It was an important cultural event that included a parade, a popular art competition, beauty contests, exhibitions, performances and the Lord Mayor's reception at the Sydney Town Hall.
In the festival's early years, its program offered everything from vintage car rallies, face-painting and kite-flying to bocce, dog obedience trials and Chinese scarf dancing.
[4] For three weeks the festival offers a program of more than 330 performances and 100 events involving 900 artists from 17 countries,[2] covering dance, theatre, music, visual arts, cross media and forums.
It has brought many of the world's great artists to Sydney for the first time including: Ariane Mnouchkine and Thèâtre du Soleil (Flood Drummers), Robert Wilson (The Black Rider), Robert Lepage (Far Side of the Moon, The Andersen Project, Lipsynch), George Piper Dances, Netherlands Dance Theatre, James Thiérrée (Junebug Symphony, Au Revoir Parapluie), Philip Glass, Ian McKellen (Dance of Death), Batsheva Dance Company, National Theatre of Scotland (Black Watch, Aalst), Christopher Wheeldon Company, All Tomorrow's Parties, Al Green, Katona Jozsef Theatre, Bon Iver, Grizzly Bear, The National, Sufjan Stevens and Joanna Newsom.

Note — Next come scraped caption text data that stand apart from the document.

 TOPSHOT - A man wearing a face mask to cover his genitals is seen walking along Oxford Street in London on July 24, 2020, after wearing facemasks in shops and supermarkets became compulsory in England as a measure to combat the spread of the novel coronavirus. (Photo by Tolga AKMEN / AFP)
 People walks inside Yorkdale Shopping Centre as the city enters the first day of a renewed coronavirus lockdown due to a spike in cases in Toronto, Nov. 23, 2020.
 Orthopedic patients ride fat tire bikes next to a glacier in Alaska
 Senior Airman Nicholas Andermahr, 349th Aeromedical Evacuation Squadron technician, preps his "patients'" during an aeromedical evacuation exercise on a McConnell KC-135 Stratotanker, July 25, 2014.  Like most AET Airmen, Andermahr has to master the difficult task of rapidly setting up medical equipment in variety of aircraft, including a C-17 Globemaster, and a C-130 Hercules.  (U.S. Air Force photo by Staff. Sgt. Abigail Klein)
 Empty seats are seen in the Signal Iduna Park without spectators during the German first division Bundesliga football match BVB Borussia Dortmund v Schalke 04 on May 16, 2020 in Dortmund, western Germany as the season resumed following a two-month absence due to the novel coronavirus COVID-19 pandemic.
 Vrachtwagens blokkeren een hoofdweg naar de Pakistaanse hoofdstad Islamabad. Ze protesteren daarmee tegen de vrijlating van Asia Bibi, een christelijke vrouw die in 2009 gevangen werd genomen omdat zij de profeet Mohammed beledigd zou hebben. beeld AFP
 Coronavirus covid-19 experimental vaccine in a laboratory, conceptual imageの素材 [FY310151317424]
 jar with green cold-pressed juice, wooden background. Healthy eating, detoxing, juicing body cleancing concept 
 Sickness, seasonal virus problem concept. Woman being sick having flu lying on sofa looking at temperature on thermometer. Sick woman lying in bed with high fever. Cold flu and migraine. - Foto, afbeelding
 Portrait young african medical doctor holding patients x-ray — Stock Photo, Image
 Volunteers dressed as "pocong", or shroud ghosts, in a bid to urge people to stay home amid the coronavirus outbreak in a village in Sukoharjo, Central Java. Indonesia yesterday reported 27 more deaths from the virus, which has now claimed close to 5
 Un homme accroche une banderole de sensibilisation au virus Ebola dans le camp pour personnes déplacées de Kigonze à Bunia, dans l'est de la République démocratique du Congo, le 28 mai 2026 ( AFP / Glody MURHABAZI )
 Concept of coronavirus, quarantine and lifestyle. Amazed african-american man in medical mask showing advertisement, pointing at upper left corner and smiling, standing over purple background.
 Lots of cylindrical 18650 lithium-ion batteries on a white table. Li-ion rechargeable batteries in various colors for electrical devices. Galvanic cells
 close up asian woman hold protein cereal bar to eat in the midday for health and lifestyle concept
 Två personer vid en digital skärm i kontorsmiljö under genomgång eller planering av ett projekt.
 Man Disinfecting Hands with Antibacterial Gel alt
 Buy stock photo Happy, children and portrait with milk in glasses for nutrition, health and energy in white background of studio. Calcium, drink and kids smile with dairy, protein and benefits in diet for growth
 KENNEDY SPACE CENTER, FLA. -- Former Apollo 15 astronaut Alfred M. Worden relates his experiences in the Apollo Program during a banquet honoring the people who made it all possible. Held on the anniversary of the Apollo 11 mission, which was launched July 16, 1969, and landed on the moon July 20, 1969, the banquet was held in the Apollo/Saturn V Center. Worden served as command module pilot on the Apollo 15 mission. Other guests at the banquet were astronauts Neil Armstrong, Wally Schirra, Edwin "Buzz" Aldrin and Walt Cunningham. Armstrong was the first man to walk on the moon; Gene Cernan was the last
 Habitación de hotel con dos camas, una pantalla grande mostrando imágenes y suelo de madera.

[2] Sydney Festival program highlights include Schaubuhne Berlin's Hamlet, Headlong's Six Characters in Search of an Author, Peter Sellars' Oedipus Rex & Symphony of Psalms, 43 Rajastani musicians in The Manganiyar Seduction, Al Green, Fabulous Beast's Giselle and Rian, John Cale, Grizzly Bear, Grace Jones, Laura Marling, James Thiérrée, Björk, Patrick Watson, Manu Chao, David Byrne, Herrenhausen's fashion opera Semele Walk with costumes by Vivienne Westwood, Sasha Waltz' Dido and Aeneas, Antony; and many more.
As a part of corporate responsibility, the festival has a Reconciliation Action Plan which envisages engaging with Aboriginal and Torres Strait Islander artists and communities to positively contribute towards closing the gap between Indigenous and other Australians.